* **WHAT THE TASK REQUIRES**:
Every line from the one with "DACIA DUSTER II" to the end of the listing, and nothing else, is to be printed exactly; please leave the pictures out.

%%

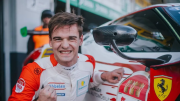 El piloto argentino Nicolás Varrone podría llegar a la Fórmula 1 en 2026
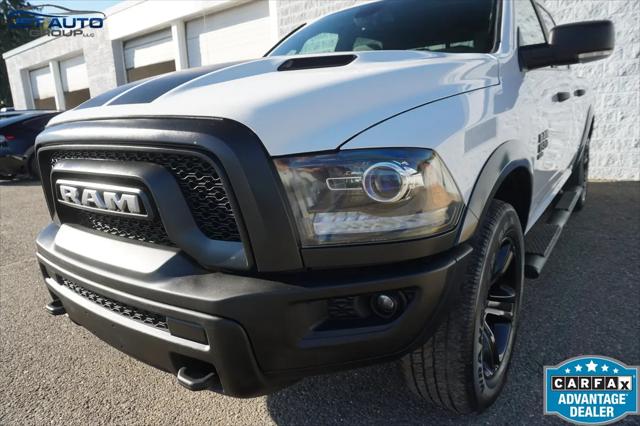 2021 Ram 1500 SLT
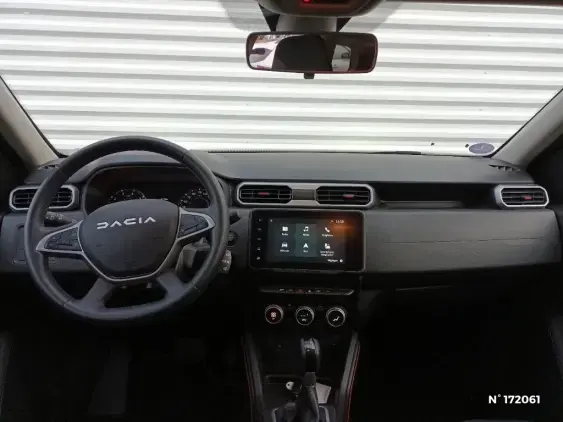 DACIA DUSTER II - voiture d'occasion - Photo 9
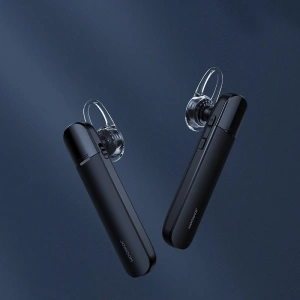Hurtownia GSM - Drahtloses Headset Joyroom Bluetooth 5.1 für das Auto mit Ladegerät schwarz (JR-B02S) - JYR354 - {ean13} - Hurt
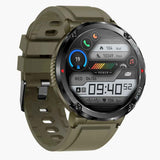 Smartwatch Hombre Reloj Inteligente Fralugio T30 Round Full Hd Ips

%%

* **SOLUTION TO THE PROBLEM**:
 DACIA DUSTER II - voiture d'occasion - Photo 9
Hurtownia GSM - Drahtloses Headset Joyroom Bluetooth 5.1 für das Auto mit Ladegerät schwarz (JR-B02S) - JYR354 - {ean13} - Hurt
 Smartwatch Hombre Reloj Inteligente Fralugio T30 Round Full Hd Ips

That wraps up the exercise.